As per this post, I encoded my input as UTF-8 but it generates a type error
https://stackoverflow.com/questions/20362993/how-to-load-sentences-into-python-gensim
when I remove the encoding, it seems to work.
can you please clarify whether and how to encode
Thanks
document = "That includes payors.
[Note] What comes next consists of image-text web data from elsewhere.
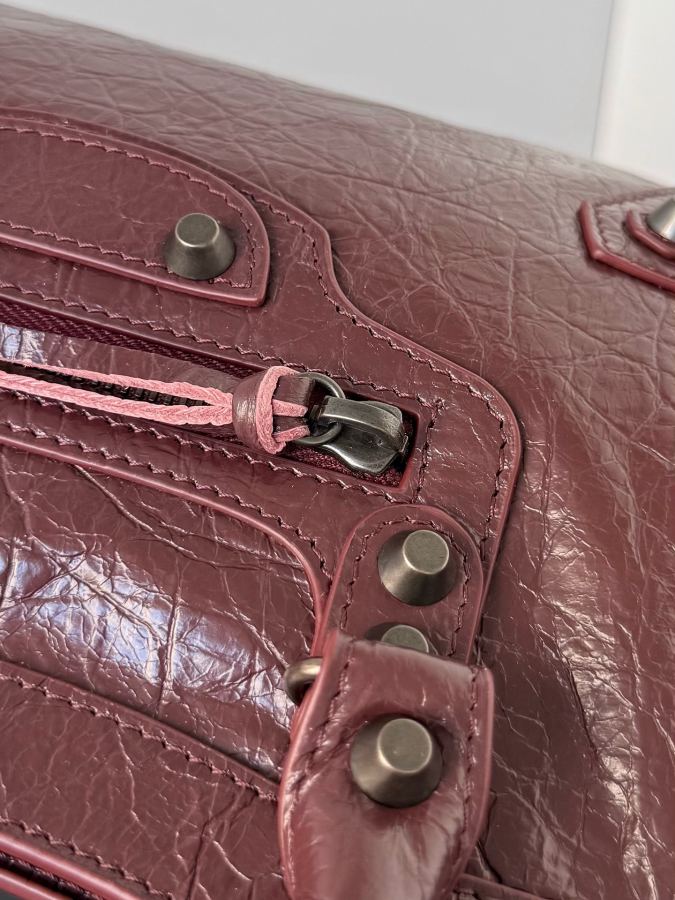 1:1 Replica Balenciaga bag 𝗕𝗔𝗟𝗘𝗡𝗖𝗜𝗔𝗚𝗔*𝗟𝗘 𝗖𝗜𝗧𝗬 — Premium Replica — photo 7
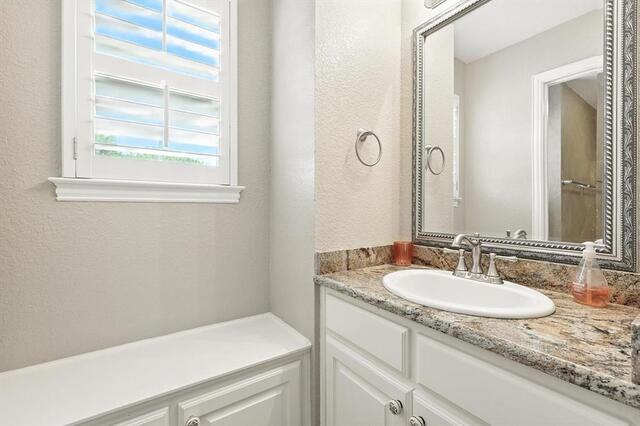 109 Visalia, Lane Denton, TX photo 27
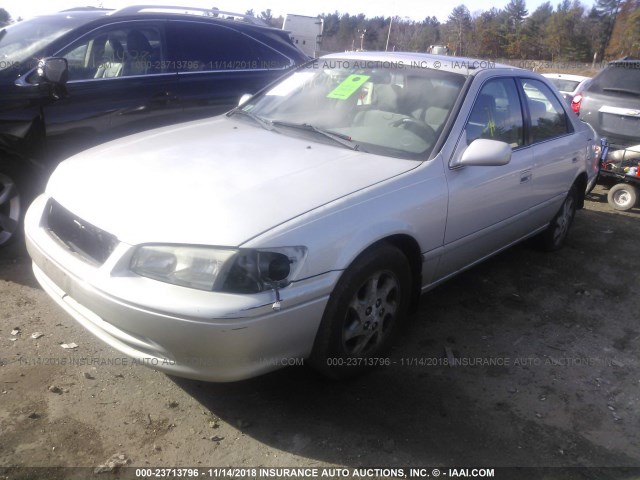 4T1BF22KXYU098696 - 2000 TOYOTA CAMRY LE/XLE SILVER photo 2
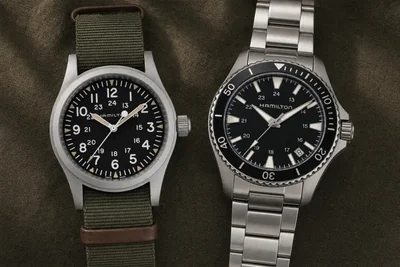 Hamilton Khaki Field e Hamilton Khaki Navy Scuba lado a lado sobre lona oliva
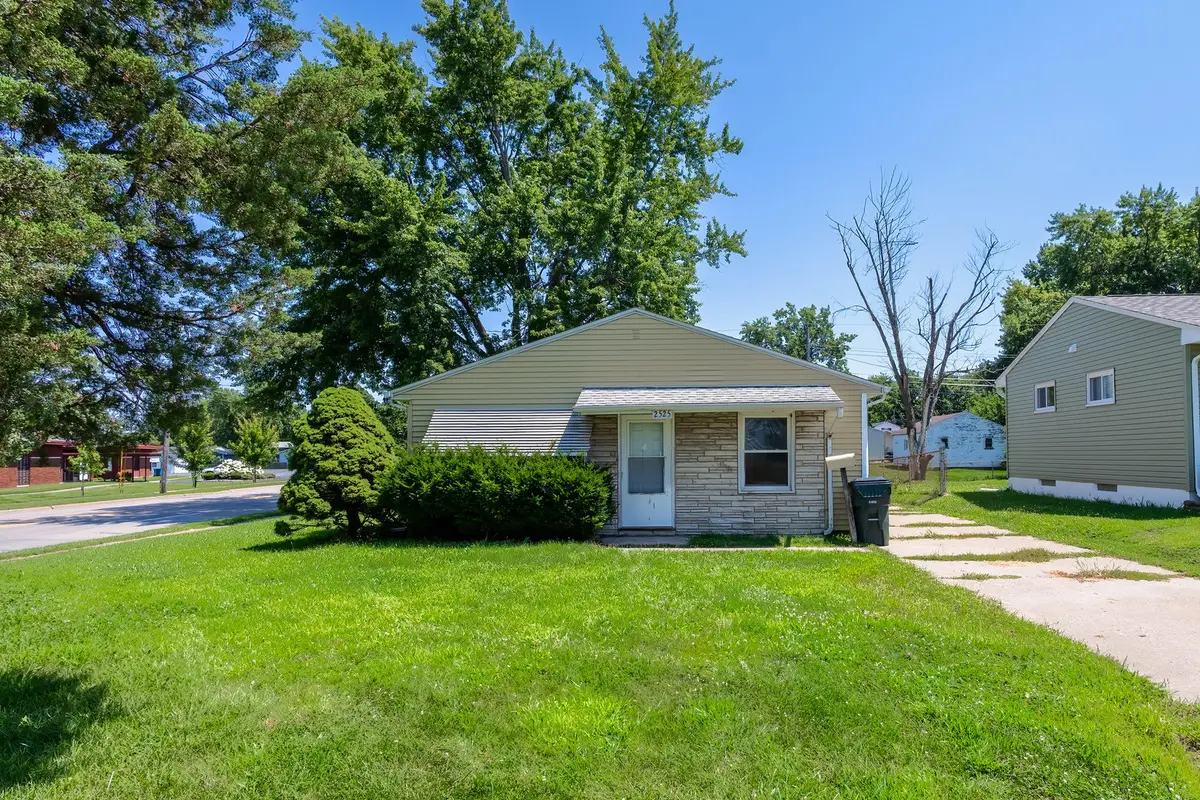 2525 N Fairmount Street, Davenport, IA 52804 - #1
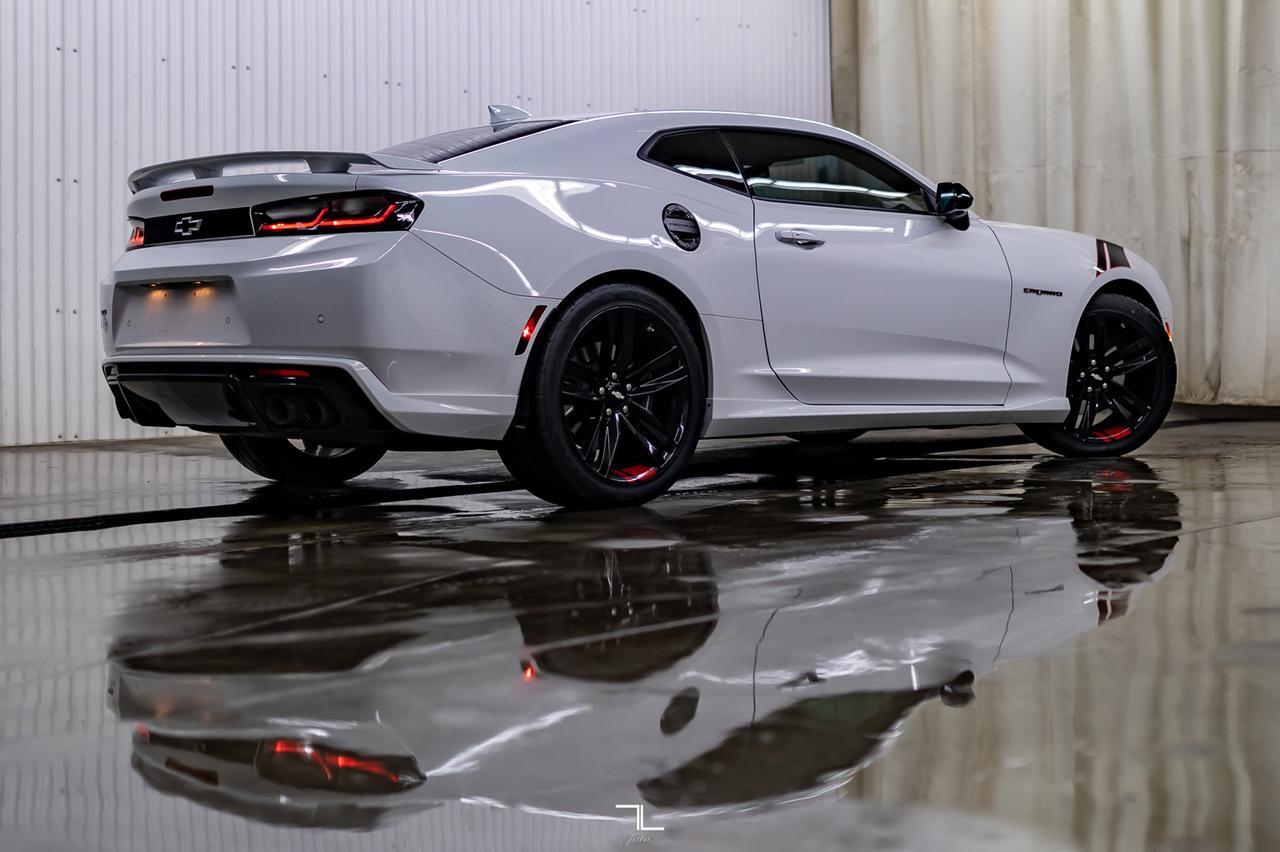 2018 Chevrolet Camaro 2SS Manual Leather Roof Nav BCam Red Deer AB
These exclude merchants."
# train word2vec on first doc
sent1 = document.split('.')
sentences = [s.encode('utf-8').split() for s in sent1]
print(sentences)
Returns
[[b'This', b'includes', b'payors'], [b'These', b'exclude,', b'merchants'],[] ]
from gensim.models import Word2Vec as wtv
w2v_model = wtv(sentences, min_count=1)
Returns this error
Traceback (most recent call last):
File "nlp9a.py", line 11, in <module>
w2v_model = wtv(sent2, min_count=1)
File "/Ajax/.local/lib/python3.5/site-packages/gensim/models/word2vec.py", line 551, in __init__
self.build_vocab(sentences, trim_rule=trim_rule)
File "/Ajax/.local/lib/python3.5/site-packages/gensim/models/word2vec.py", line 634, in build_vocab
self.finalize_vocab(update=update) # build tables & arrays
File "/Ajax/.local/lib/python3.5/site-packages/gensim/models/word2vec.py", line 869, in finalize_vocab
self.reset_weights()
File "/Ajax/.local/lib/python3.5/site-packages/gensim/models/word2vec.py", line 1304, in reset_weights
self.wv.syn0[i] = self.seeded_vector(self.wv.index2word[i] + str(self.seed))
TypeError: can't concat bytes to str